When non-Muslims travel in Muslim countries, they have to adapt to Islamic mores. When Muslims immigrate to non-Muslim countries, non-Muslims have to adapt to Islamic mores. Got it?
Here again, people will say, What's the big deal if they wear skirts? Are you seriously saying that Somali Muslim janitorial staff wearing skirts in Phoenix is some threat to Western civilization? No, of course I'm not.
What I am saying is this: The Muslim Brotherhood's strategy in the United States is, in their own words, “a kind of grand Jihad in eliminating and destroying the Western civilization from within and ‘sabotaging’ its miserable house by their hands and the hands of the believers so that it is eliminated and Allah’s religion is made victorious over all other religions.”
That's from "An Explanatory Memorandum on the General Strategic Goal for the Brotherhood in North America," a 1991 presentation by Muslim Brotherhood operative Mohamed Akram.
In that memorandum, the Islamic Association for Palestine (IAP) is listed as an allied group. From the IAP came CAIR, which is behind this decision in Phoenix.
When a group has a declared supremacist agenda, aiming step-by-step and piece-by-piece to subvert American culture and impose Islamic norms upon the society, would it really be wise not to see initiatives like this one as part of that effort? After all, it reinforces a precedent that has already been set in other contexts: when Islamic practices are at variance with American ones, it is the American ones that must give way. What will be the outcome of following that precedent over a period of years?
Stealth Jihad Update: "Sky Harbor Allows Special Clothing For Somali Muslim Janitorial Workers," by Ray Stern for the Phoenix New Times Valley Fever blog, August 27:
Who wears the pants at Sky Harbor airport?Not 30 Somali women who fought for the right to wear skirts on the job, and won.
The Muslim women balked at a planned policy change by their employer, GCA Services, (that's GCA's logo pictured above), that would have forced them to wear pants and a tucked-in shirt as they did their janitorial duties.
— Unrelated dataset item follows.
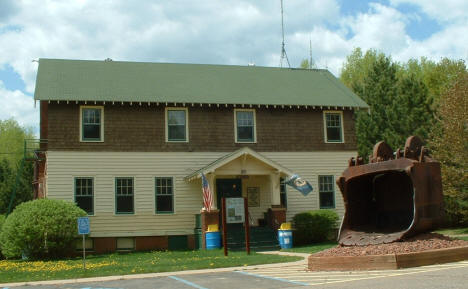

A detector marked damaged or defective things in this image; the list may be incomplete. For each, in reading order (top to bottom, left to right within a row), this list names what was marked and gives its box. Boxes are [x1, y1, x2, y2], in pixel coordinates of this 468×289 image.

rusty mining bucket [336, 136, 442, 244]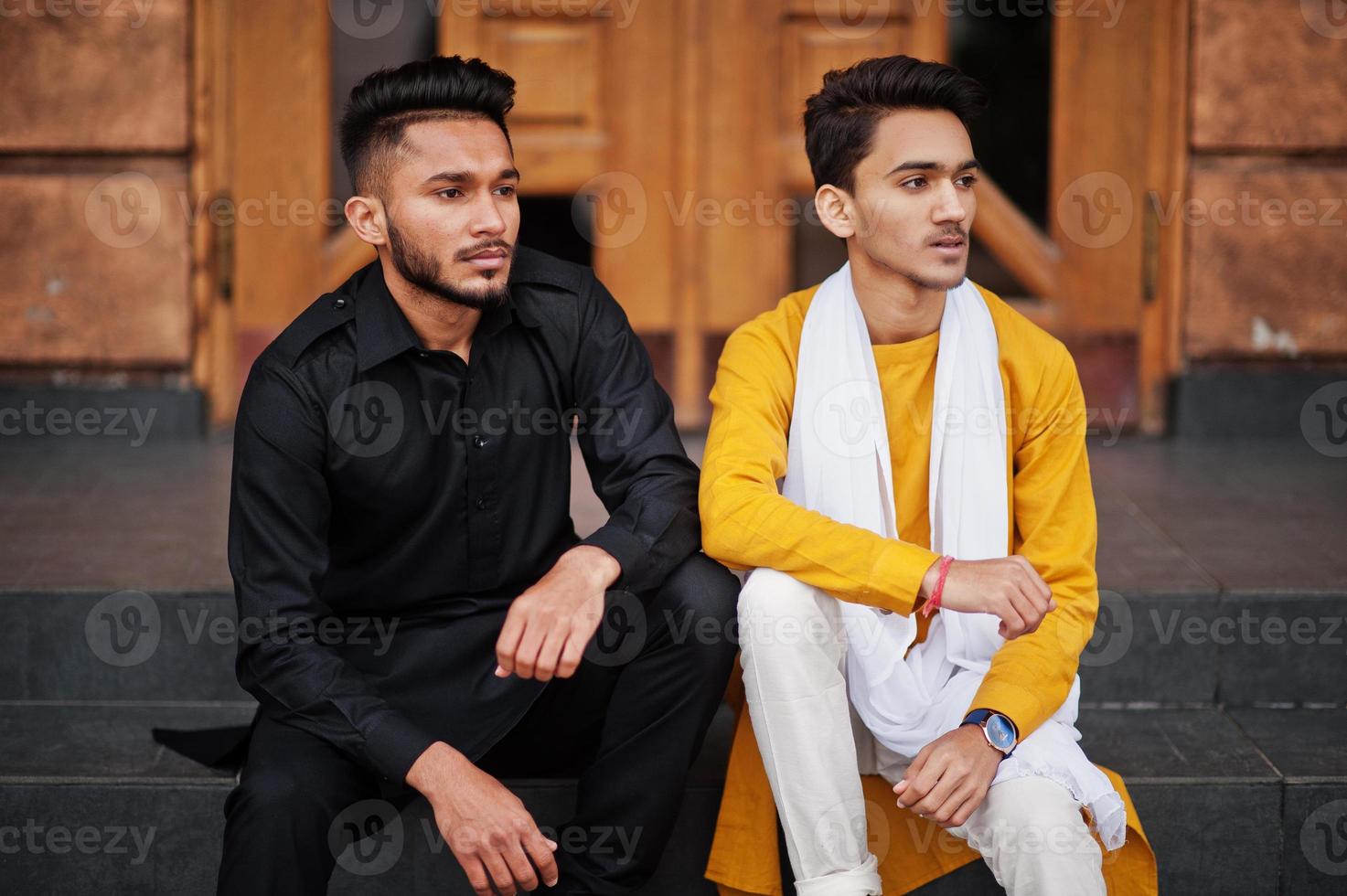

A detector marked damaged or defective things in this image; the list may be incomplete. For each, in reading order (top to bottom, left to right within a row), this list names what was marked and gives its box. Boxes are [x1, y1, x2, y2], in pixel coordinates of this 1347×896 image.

They'd been previously allowed to wear skirts; pants are too immodest for them.
After discussions between GCA managers, aiport officials, the Arizona chapter of the Council on American-Islamic Relations and the Somali Association of Arizona, it was agreed the 30 women could wear black skirts and aprons in addition to a white shirt. Their right to wear the Muslim headscarves known as hijabs was never in question, says Hakim Osman of the Somali Association of Arizona.
Osman says that after hearing of the women immigrants' concern when GCA announced plans for a new uniform late last year, he wrote the company a letter asking for "reasonable accomodations."
The change was supposed to take effect on August 21, but never did, Osman says. Which is good, because the Somalis would have refused to wear pants on religious grounds, he says....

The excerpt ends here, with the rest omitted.